Schedule, Notes/Handouts & Videos

The talk will explain what an operad is, give some examples, and illustrate how operads come up in various mathematical settings.

The calculus of homotopy functors provides a systematic way to approximate a given functor (say from based spaces to spectra) by so-called `polynomial' functors. Each functor F that preserves weak equivalences has a `Taylor tower' (analogous to the Taylor series of ordinary calculus) which in turn is built from homogeneous pieces that are classified by certain `derivatives' for F. I will review this material and consider the problem of how the Taylor tower of F can be reconstructed from its derivatives. We will discuss some important examples built from mapping spaces. Then. if time permits, I will us this approach to give a classification of analytic functors from based spaces to spectra and try to describe some connections to the Goodwillie-Weiss manifold calculus

: I will give an introduction to Morita theory in stable homotopy theory. This will include the context of differential graded algebra and of spectral algebra. I will also survey some recent related results.

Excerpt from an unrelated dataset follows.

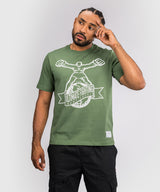 UFC Venum T-Shirt Ulti-Man – Grün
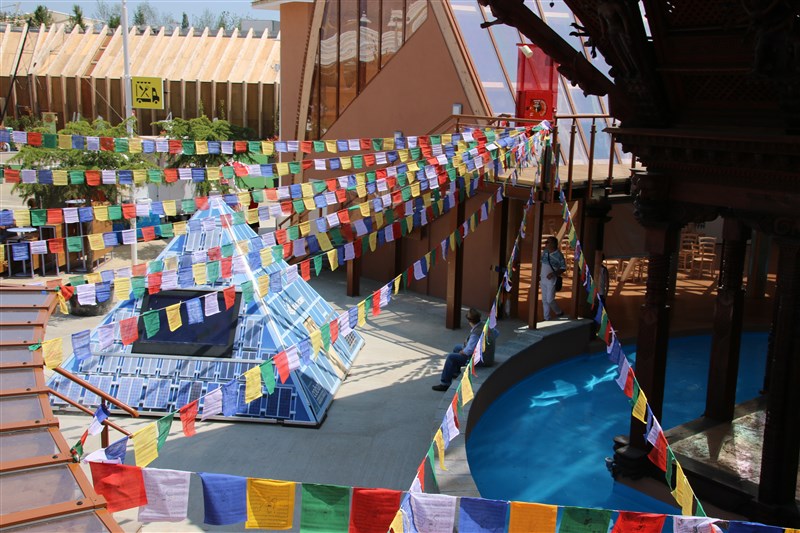 Lust am Leben Expo 2015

Topological cyclic homology is a topological refinement of Connes' cyclic homology. It was introduced twenty-five years ago by Bökstedt-Hsiang-Madsen who used it to prove the K-theoretic Novikov conjecture for discrete groups all of whose integral homology groups are finitely generated. In this talk, I will give an introduction to topological cyclic homology and explain how results obtained in the intervening years lead to a short proof of this result in which the necessity of the finite generation hypothesis becomes transparent. In the end I will explain how one may hope to remove this restriction and discuss number theoretic consequences that would ensue.

I will give an overview of the rich structure in the stable homotopy groups of spheres, both giving a summary of what we do know, and what we don't know.

We will begin with an introduction to stable motivic homotopy theory. Then we will use the motivic version of the Adams spectral sequence to compute stable motivic homotopy groups. We will discuss a number of open questions concerning these computations. Along the way, we will encounter some new results about classical stable homotopy groups and equivariant stable homotopy groups.

This will be a survey talk on subjects related to the J-homomorphism. In addition to the original geometric construction which assigns to a vector bundle its associated spherical fibration, we will touch on more algebraic constructions derived form it, in particular via Picard and unit spectra. We will examine the map from a computational point of view, studying its p-localisation and interpretation in terms of K(1)-local homotopy theory. We will almost certainly fail to do justice to any of these ideas in the time available. At the end, we will briefly extend some of these results to a higher chromatic setting.

I will give an introduction to the theory of representation stability, through the lens of its applications in homological stability. I'll focus on three applications: homological stability for configuration spaces of manifolds; understanding the stable (and unstable) homology of arithmetic lattices; and stability for twisted homology such as H_i( GL_n(R); R^n ), where the coefficients change along with the groups.

I will first discuss some fairly classical homological stability phenomena: spaces of 0-manifolds (e.g. configuration spaces), and spaces of 2-manifolds (e.g. Riemann's moduli space). I will explain the general method, introduced by Quillen, for proving these stability theorems, and then explain some recent work with Søren Galatius which proves such a stability theorem for moduli spaces of 2n-dimensional manifolds (for n > 2).

I will discuss recent joint work with Oscar Randal-Williams, aimed at calculating the cohomology of BDiff(W) and related spaces, where W is a smooth 2n-dimensional manifold, Diff(W) is the topological group of diffeomorphisms of W, and BDiff(W) is its classifying space. Surprisingly, the cohomology ring turns out to be partially independent of W through a range of degrees (homological stability). In this talk, I will discuss how infinite loop spaces can be used to describe the cohomology in this stable range.

In this survey talk, I will shall the role that loop groups have played in the construction of topological gauge theories in dimensions 2 and possibly 3.